Summer 2019 Projects

Neighborhood: A State of Mind – The East Baltimore Documentary Photography Project

The interdisciplinary team of researchers examined the UMBC’s Special Collections’ vast holdings of photography, focusing specifically on photographic prints and archival material related to the East Baltimore Documentary Photography Project. From 1975 to 1976, photographers Linda Rich, Elinor B. Cahn, and Joan Clark Netherwood documented everyday life in East Baltimore, producing a vivid portrait of a community through photographs and oral histories. Their work resulted in a publication, Neighborhood: A State of Mind (1981.) Researchers on this project explored various themes including identity, community, and urban transformation. Based on this research, the team produced a website, housed on the Special Collections’ homepage, presenting an online exhibition of selected works from the collection, along with four to six original short research essays.

Link to final product:


Baltimore, the Second Ellis Island: Making Baltimore’s Nineteenth to early Twentieth Century Immigration History Come Alive

The interdisciplinary team of researchers worked closely with the Baltimore Immigration Museum to develop educational materials to help promote the Museum’s mission of sharing Baltimore’s immigration history. Through archival research and interviews, the team developed a video on the general history/documentation of Baltimore’s immigration history during the “Great Wave of Immigration” from 1830 to 1914, which brought over 1.2 million European immigrants to Baltimore. The team also updated the Museum’s website and created a promotional brochure on the Museum.

Link to final product:


Stories on a Sphere: Climate change in the marine ecosystem of the Arctic

The interdisciplinary team examined earth science research about the impacts of climate change on the marine ecosystem across the Arctic and produced a digital story about these impacts designed for spherical screen platforms.
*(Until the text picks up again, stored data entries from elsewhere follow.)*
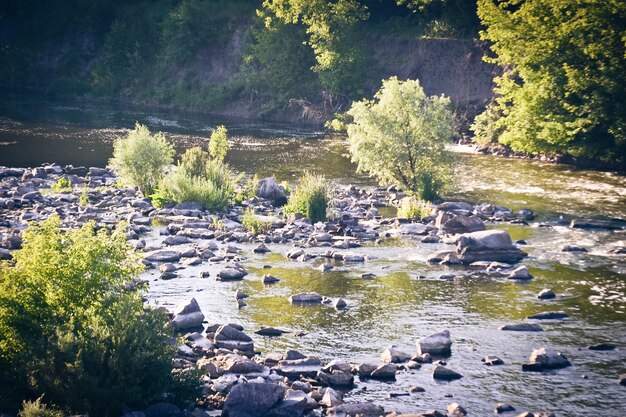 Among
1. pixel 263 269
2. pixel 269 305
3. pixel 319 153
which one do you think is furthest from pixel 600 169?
pixel 269 305

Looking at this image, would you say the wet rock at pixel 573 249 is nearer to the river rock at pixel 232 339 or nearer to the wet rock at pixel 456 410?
the river rock at pixel 232 339

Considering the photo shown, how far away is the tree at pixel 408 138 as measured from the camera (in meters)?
37.2

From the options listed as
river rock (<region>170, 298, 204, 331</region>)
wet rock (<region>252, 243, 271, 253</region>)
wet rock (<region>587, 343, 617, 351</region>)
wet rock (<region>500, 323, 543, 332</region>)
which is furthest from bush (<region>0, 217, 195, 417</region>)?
Answer: wet rock (<region>252, 243, 271, 253</region>)

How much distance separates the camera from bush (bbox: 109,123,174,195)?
37875 millimetres

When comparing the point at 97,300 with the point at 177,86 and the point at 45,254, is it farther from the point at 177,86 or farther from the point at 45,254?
the point at 177,86

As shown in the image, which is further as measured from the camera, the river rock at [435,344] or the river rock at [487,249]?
the river rock at [487,249]

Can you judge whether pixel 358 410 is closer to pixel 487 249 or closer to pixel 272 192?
pixel 487 249

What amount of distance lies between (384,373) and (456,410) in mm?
2085

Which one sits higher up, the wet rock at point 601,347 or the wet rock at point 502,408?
the wet rock at point 601,347

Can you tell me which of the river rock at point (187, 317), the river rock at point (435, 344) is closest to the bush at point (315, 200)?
the river rock at point (187, 317)

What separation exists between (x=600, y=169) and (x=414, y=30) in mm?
32923

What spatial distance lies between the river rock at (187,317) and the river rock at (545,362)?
7808 mm

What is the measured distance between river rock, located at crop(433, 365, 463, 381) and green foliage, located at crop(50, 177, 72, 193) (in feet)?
86.6

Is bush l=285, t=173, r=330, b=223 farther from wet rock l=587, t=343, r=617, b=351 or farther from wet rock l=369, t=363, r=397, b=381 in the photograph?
wet rock l=369, t=363, r=397, b=381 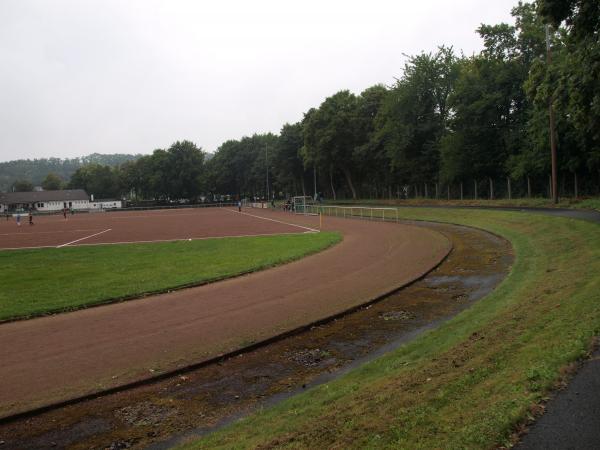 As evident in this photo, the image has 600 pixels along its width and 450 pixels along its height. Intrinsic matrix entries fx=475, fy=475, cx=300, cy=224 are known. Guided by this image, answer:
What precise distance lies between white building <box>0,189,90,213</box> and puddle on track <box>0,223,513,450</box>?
13152 cm

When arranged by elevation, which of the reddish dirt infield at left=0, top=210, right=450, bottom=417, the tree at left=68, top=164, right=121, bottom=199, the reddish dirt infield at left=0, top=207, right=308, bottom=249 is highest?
the tree at left=68, top=164, right=121, bottom=199

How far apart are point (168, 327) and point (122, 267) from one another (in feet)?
29.1

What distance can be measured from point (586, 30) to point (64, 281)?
766 inches

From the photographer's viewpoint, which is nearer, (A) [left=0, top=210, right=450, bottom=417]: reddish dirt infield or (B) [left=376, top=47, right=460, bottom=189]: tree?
(A) [left=0, top=210, right=450, bottom=417]: reddish dirt infield

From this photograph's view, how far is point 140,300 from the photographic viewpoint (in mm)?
12625

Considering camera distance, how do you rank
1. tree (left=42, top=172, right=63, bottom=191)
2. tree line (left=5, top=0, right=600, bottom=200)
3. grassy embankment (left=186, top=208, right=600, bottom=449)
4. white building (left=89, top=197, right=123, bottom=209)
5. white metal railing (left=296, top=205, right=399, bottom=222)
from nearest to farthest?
grassy embankment (left=186, top=208, right=600, bottom=449), tree line (left=5, top=0, right=600, bottom=200), white metal railing (left=296, top=205, right=399, bottom=222), white building (left=89, top=197, right=123, bottom=209), tree (left=42, top=172, right=63, bottom=191)

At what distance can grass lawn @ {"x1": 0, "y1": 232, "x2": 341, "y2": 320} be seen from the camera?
42.4ft

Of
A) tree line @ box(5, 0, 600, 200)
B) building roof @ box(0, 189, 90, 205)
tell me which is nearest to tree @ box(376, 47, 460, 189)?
tree line @ box(5, 0, 600, 200)

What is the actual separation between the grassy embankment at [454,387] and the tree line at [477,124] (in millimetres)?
11289

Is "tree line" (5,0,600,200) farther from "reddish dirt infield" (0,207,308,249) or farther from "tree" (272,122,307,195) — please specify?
"reddish dirt infield" (0,207,308,249)

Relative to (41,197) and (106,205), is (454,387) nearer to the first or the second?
(106,205)

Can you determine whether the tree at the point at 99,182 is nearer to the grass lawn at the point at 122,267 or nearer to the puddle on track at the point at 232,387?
the grass lawn at the point at 122,267

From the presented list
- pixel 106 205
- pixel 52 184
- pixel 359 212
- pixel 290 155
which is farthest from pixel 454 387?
pixel 52 184

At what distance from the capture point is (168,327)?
1008 cm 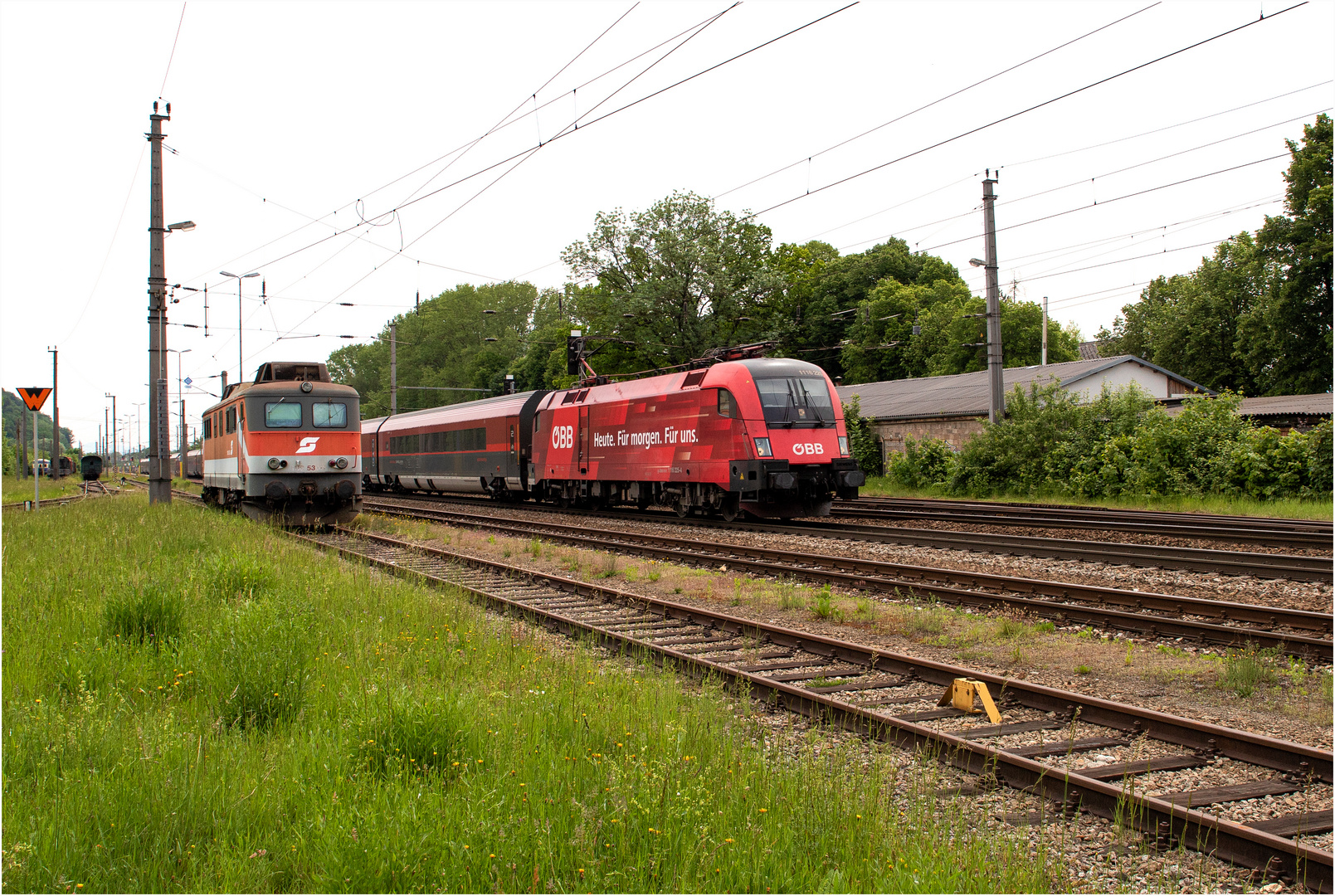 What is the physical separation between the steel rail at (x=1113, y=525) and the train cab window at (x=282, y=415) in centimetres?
1227

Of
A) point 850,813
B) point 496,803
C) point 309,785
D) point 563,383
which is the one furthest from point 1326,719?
point 563,383

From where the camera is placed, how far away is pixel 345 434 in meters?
19.9

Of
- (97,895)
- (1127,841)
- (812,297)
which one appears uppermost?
(812,297)

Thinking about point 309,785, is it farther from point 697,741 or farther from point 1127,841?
point 1127,841

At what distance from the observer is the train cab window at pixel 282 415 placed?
19.1 meters

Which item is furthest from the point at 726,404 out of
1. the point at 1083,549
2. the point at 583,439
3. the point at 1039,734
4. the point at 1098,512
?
the point at 1039,734

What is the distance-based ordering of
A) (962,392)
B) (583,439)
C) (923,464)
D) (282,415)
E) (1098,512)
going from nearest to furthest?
(282,415) → (1098,512) → (583,439) → (923,464) → (962,392)

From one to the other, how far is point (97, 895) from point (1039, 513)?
19685mm

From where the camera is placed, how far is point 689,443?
19.3 m

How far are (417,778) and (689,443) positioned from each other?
15.4 metres

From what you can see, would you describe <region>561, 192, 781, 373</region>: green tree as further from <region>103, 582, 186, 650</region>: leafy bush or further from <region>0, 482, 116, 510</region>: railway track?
<region>103, 582, 186, 650</region>: leafy bush

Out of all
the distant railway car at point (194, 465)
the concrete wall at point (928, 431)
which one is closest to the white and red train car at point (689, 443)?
the concrete wall at point (928, 431)

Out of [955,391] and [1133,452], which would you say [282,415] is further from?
[955,391]

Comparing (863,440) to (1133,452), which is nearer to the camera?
(1133,452)
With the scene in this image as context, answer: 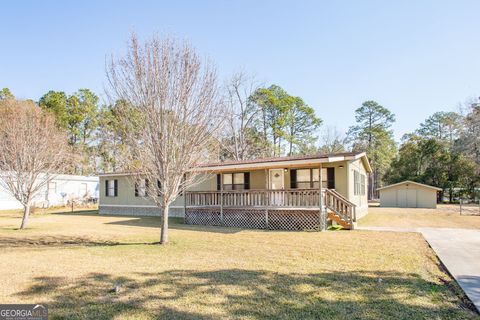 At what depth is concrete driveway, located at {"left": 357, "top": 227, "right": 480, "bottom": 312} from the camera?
17.4ft

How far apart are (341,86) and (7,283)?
2068 centimetres

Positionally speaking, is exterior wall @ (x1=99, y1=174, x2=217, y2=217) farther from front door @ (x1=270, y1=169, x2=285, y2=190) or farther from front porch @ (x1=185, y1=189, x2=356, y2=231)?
front door @ (x1=270, y1=169, x2=285, y2=190)

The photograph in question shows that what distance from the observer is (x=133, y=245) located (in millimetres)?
9273

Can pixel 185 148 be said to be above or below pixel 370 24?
below

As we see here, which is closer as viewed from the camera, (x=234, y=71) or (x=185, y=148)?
(x=185, y=148)

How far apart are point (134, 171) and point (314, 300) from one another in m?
7.31

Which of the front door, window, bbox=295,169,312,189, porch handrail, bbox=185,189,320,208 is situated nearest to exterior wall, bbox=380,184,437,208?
window, bbox=295,169,312,189

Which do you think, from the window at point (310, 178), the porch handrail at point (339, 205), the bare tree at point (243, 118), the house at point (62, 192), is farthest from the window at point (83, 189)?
the porch handrail at point (339, 205)

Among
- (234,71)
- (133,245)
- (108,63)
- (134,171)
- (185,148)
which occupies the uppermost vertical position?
(234,71)


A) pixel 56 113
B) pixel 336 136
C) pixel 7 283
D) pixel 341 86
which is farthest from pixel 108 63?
pixel 336 136

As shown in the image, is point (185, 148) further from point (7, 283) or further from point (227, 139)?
point (227, 139)

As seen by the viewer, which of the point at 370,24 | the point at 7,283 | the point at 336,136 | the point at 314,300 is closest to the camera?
the point at 314,300

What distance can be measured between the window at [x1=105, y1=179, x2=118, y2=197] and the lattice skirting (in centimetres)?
934

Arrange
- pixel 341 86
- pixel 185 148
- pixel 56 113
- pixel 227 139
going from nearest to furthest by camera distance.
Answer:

Students dived deeply into expedition video and multimedia, scientific publications, GIS, and remote sensing data to select and assemble spherical maps, video, and animations for the presentation. Based on their experiences, the team also produced a how-to document to help earth science researchers learn to bring their research onto these innovative storytelling formats. Participants practiced their pilot presentation at the Goddard NASA Visitor Center at the end of the summer session.